Jo March to be specific.
Growing up, I read Little Women at least three times and read it at least once more since high school. I’ve seen every film version of it. Even when I was in 5th grade reading it for the first time, I knew I was Jo. And knowing I was Jo made me decide I wanted to be a writer.
Jo had style. Jo had a way with words. Jo loved fiercely, summoned courage, had a sense of adventure. Jo wanted more, and knew there was always more.
My mom also connected with Jo. My sister, with Amy. At a middle school sleepover, before I got the silly idea in my head that boys were cooler than books, my friends and I sat in a circle and shared which March sister we were. Another girl also said she was Jo and shared the characteristics she connected with, which were different ones from mine. It made me realize that two very different people can be inspired by the same thing for different reasons and both were good. When I got older, I realized the power of an author who could create such a character with just words.
I am an Ashpes Girl. My mom married my dad who had that last name and they produced me and my sister. We were always known as The Ashpes Girls, either me and my sister together (far easier than trying to remember who was whom which became difficult around the time we were both in high school) or with my mom. When I got married, I had my middle name legally changed to Ashpes so I would remain an Ashpes Girl. When my daughter came on the scene a decade ago, she didn’t need to have the name on her birth certificate, she was born an Ashpes Girl. Her first summer, she joined us on our annual Ashpes Girls trip to Rehoboth Beach. And once she was old enough to sit through an entire film, she joined us with our annual Ashpes Girls tradition of going to the movies on Christmas Day.
We’ve done well finding Christmas Day movies that both she and we would enjoy – Mary Poppins, Beauty and the Beast, The Greatest Showman.
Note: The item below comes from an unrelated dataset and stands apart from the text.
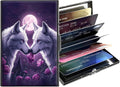Metal Wallet,Credit Card Holder for Women,Slim RFID Blocking Credit Card Holder Thin Aluminum Wallet ID Case,6 Slot Business Mini Hard Metal Case for Women/Men,White Wolf Couple by Unknown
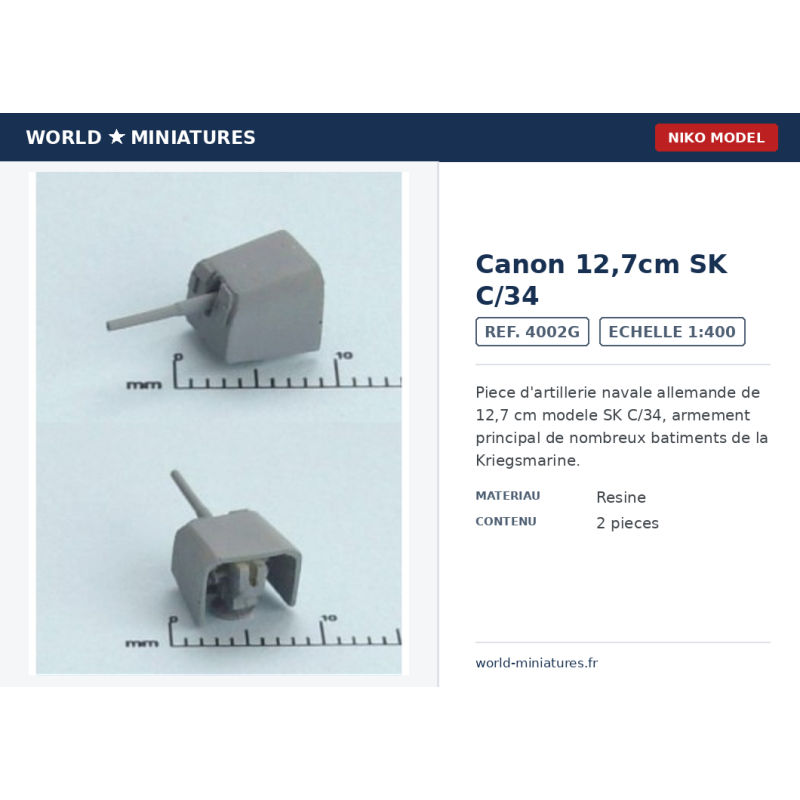 NikoModel 4002G – Canon 12,7 cm SK C/34 – 1/400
But those movies were geared towards an audience of 5 to 95 and I was a bit hesitant in having her see Little Women. See, unlike the rest of us Ashpes Girls, my daughter isn’t a bookworm. She likes to read, she’s doing extremely well in school, but her desire to curl up with a book on a Sunday afternoon or find pockets of reading like I did on car rides and while waiting in line at the grocery store only comes in fits and starts. While I reread books until I have them memorized down to the location of favorite passages on pages, her room is littered with never-finished novels that didn’t grab her attention. I haven’t offered her Little Women because I know once she starts and doesn’t finish a book, she has no desire to return. And it would break my heart to find a book that defined so much of my childhood be discarded under her bed next to a Shopkin and an American Girl doll shoe.
But the three original Ashpes Girls, we wanted to see Little Women on Christmas Day. In fact, it was never discussed, just assumed. And when we saw it would be playing at the wonderful historic theater in our city’s center it made it even more perfect. If my daughter didn’t like it, that would be way easier to accept than her discarding the book. But I really really wanted her to like it.
I was so into the movie, I didn’t look at her often during it. For a time, she rested on my arm, for a time I put my arm around her, but I couldn’t tell if that was out of boredom or the wonderfulness of a young sentimental tween. I knew the story had her when she whispered to me, “Ma, does Beth die? Y or N?”
When the movie ended, we all clapped, not just because that’s what we do at this charming historic theater in our city center, but because the film was so good and did such a good job of being fresh and new yet so respectful of and consistent to the book. My sister shared as they got up from their chairs and gathered their coats that my daughter asked her, “Which sister are you?” When my daughter caught up with me in the aisle, she said, “I enjoyed my first dramatic film!” As we walked to the car, the four Ashpes Girls guessed which March sister another connected with and then shared why we connected with her. I didn’t want to tell my daughter which March sister I thought she was, I didn’t want her to question herself. And I didn’t want her to feel she had to pick one like I did when my friends discussed SATC. When she shared she felt she was a hybrid of two sisters, I saw both characteristics in her and got teary in thinking how much she has grown and developed into her own unique person.